If you wish to keep in one table:

Comment:
JobCommented : int <- references a job
EmployeeCommented : int <- references an employee
Comment : string

Both JobCommented and EmployeeCommented are nullable. Whichever is filled connects to the parent.


I would create a comment table

commentId NUMBER;
commentText VARCHAR2;

and two relation tables:

EmployeeComments

commentId NUMBER;
employeeId NUMBER;

and JobsComments

commentId NUMBER;
jobId NUMBER;

then select comments with inner joins.

This should respect at least first three forms of db normalization.

PS: of course there'd be some Foreign Keys just to be sure to don't forget orphaned comments.

For the objects in c#, well, just read with a left join the tables.
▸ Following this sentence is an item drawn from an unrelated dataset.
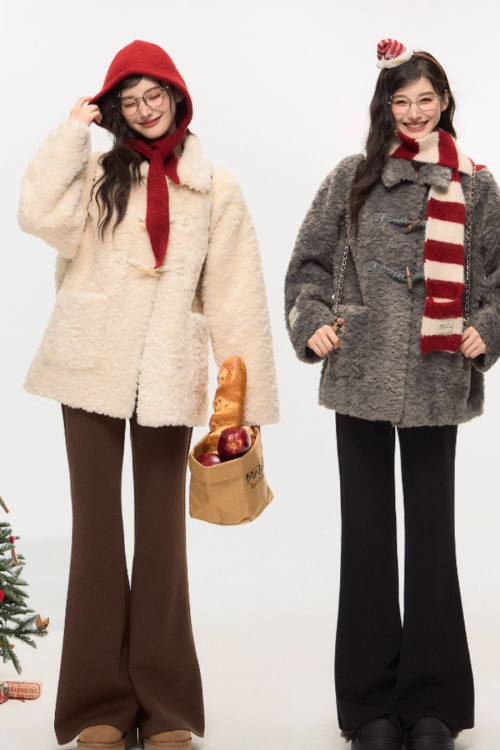 Toggle Fur Coat / Flare Pants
I'd probably create a single class Comments and have a List of them in each of your existing classes. If there are any variations then you can always subclass into JobComments and EmployeeComments.

For the database I would probably actually keep the two tables separate. This is in part because I think that it will probably be easier to do so in terms of worrying about identities. If they are in the same table as each other then you'd need to worry about a compund key of ParentTable and ParentId or similar.

Also if the two comment types ever diverge then it will be much easier to have them in separate tables in the database.